La surprise c’est de voir que ce même Nicolas Osmont officie derrière les platines et ouvre les hostilités musicales. En toute franchise, et je l’ai souvent écrit, je ne suis pas un grand connaisseur du genre et la drum’n’bass m’apparaît trop souvent comme le grand bassin d’une piscine olympique que j’observerais avec des yeux d’un enfant équipé de brassards de nage, bref je possède ni les codes chorégraphiques ni les clés esthétiques pour aborder sereinement cette musique, raison de plus pour tenter de comprendre une nouvelle fois comment ça marche. Petite critique que j’ai eu l’occasion de faire sur place, impossible de repérer une quelconque info sur le lineup de la soirée. Aucun risque de « starification » et encore moins de savoir qui est qui, j’en déduis, d’après la com Facebook que c’est donc l’alias Nikolson qui nous livre son warm up. Les codes du genre sont là, avec cette ligne mélodique distillée avec une parcimonie pointilleuse ( ou radine ) et qui n’est là que pour mettre en avant les percussions, répétitives et cassées (breakées pour faire genre…). Pour ma part, et sans prendre de risques, je choisis mentalement de caler mon rythme et mon écoute sur la section mélodique qui, sous les doigts de Nikolson (?) fourmille, mine de rien, de petites bulles récréatives. 
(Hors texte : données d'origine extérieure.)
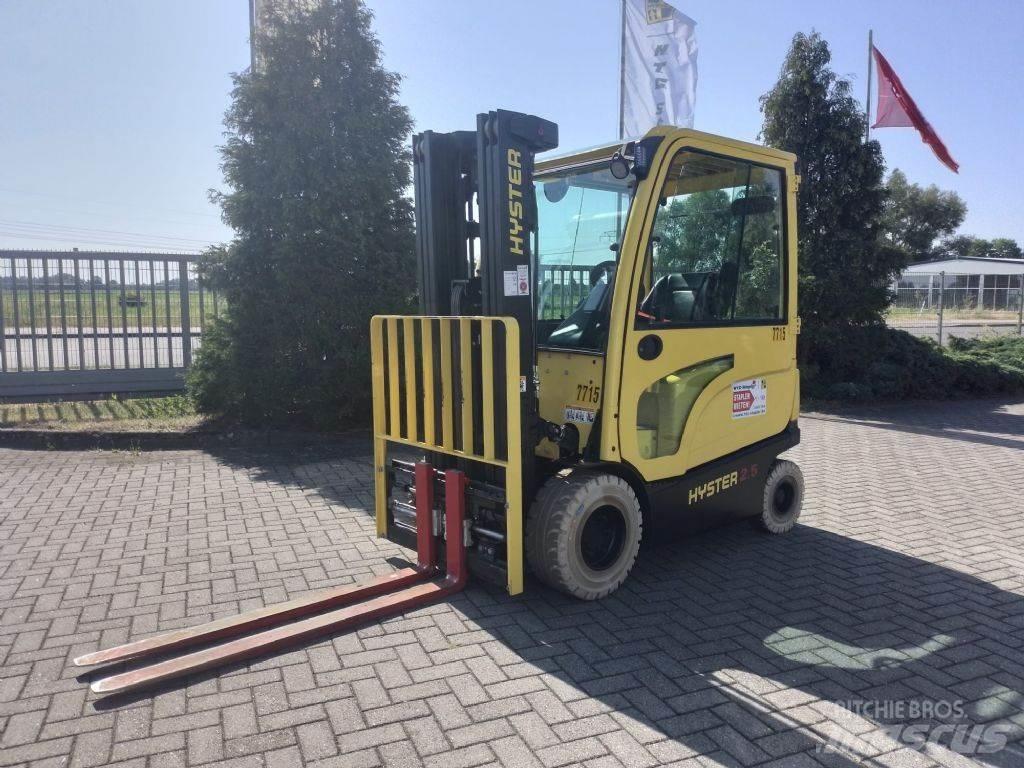 Hyster J2.5XN バッテリーフォークリフト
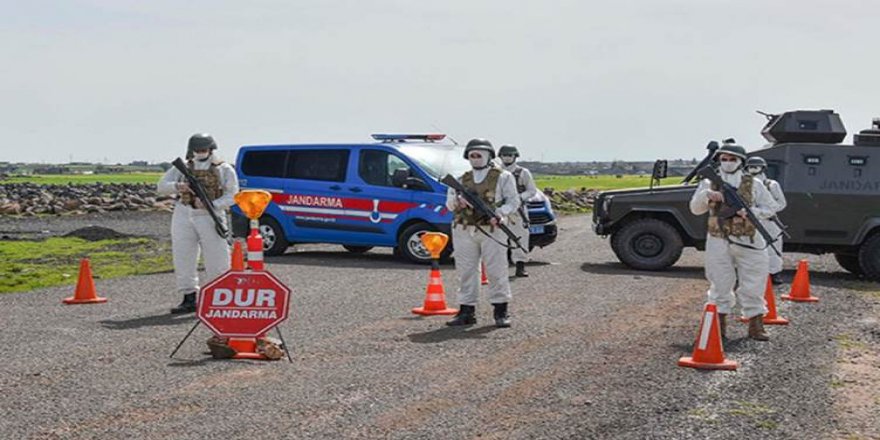 Li Rihayê gundek û 4 avahî hatin kerentînekirin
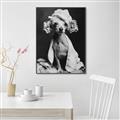 Picture of Spa Day Pooch _GroupedProduct_Rectangle_Portrait_Canvas_Framed_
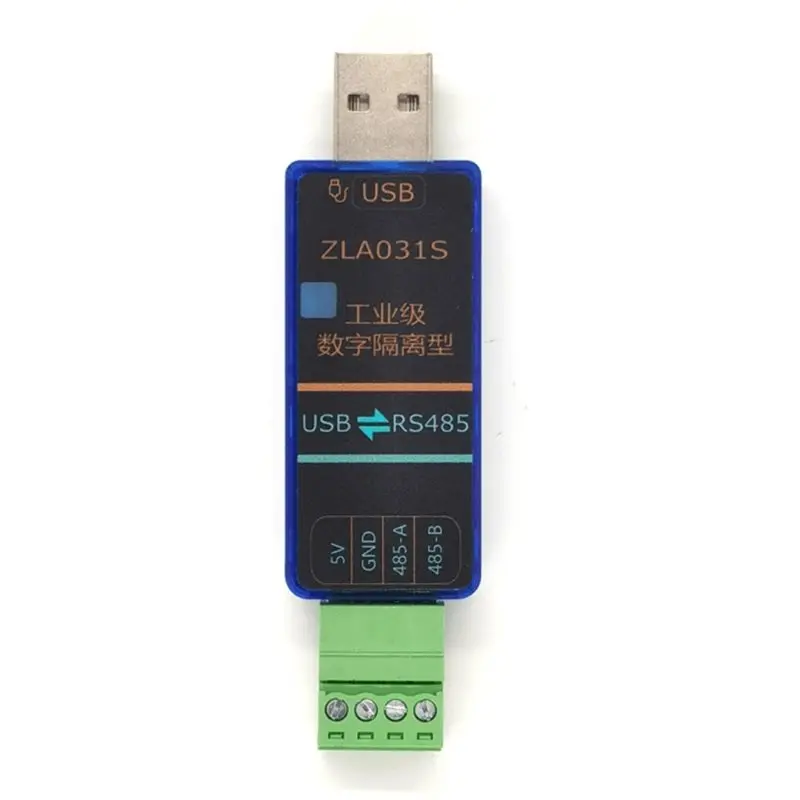 A53M-ZLA031S USB To RS485 Isolation Converter Industrial Communication Module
La Demeurée se remplit et le public, à son habitude se répartit dans les trois lieux stratégiques : le bar, le dancefloor et…la vaste loggia extérieure. Espace de rencontres et de « Chill », la loggia de la Demeurée aura pu s’honorer, hier soir ( attention reportage People ) d’accueillir à la fois Brusco du Cargö et Bruno du Skoll. Il faut peut être la neutralité bienveillante de ce tiers-lieu pour retrouver ainsi des représentants de structures que des logiques de public à préserver ou à conquérir opposent le reste de l’année. L’occasion, pour moi, de revenir sur mon billet consacré à la dernière édition du Skoll et de redire à quel point je souhaite, sincèrement, la pérennisation de cette folle et nécessaire entreprise. Dans la salle un deuxième dj ( personne pour me dire son nom, tant pis ) plonge, avec l’accord du public, dans la radicalité formelle du genre et c’est pour moi de plus en plus difficile de me rattacher à des fantômes de lignes mélodiques. Un danseur, généreux, glisse son heaume de chevalier des temps moderne ( un superbe casque blanc intégral avec ses lumières rouges et bleues) sur des têtes complaisantes tandis que les breaks…succèdent aux breaks.

Surgit un troisième larron ( on me glisse dans l’oreillette qu’il s’agirait de Blank mais dois-je me fier à cette parole un peu …perchée ?) et avec lui je peux enfin commencer à rentrer dans la subtilité réelle de la drum’n’bass.  Certes, ça débute parfois comme dans la scène finale d’un jeu vidéo avec le Boss qui veut votre mort, mais derrière cette accélération des bpm se cache un assez délicat dialogue entre un sous texte apaisé et sa tonitruante garde rapprochée percussive, un peu comme si derrière une foule hystérique il fallait protéger un petit enfant. Cette alchimie entre tendresse percussive  lascive et froideur rythmique, mine de rien, finirait presque par me séduire d’autant plus que Blank (?) laisse filer, avec nonchalance, des couleurs tech-house d’où s’échappent des boucles vocales, minimales, certes, mais qui fonctionnent comme des oasis de répit. 

En terme de fréquentation et de projet artistique, cette soirée Factor[i] est donc une belle réussite et qui sait, encore deux ou trois propositions de ce type et je finirai par faire mon coming out …drum’n’bass.

Ps rectificatif ( mais ce n’est pas de ma faute !) en fait c’est Kelib qui ouvre la scène ( en non Nikolson, sorry, puis B.man, Blank et Nikolson en closing. D’où la nécessité d’un affichage.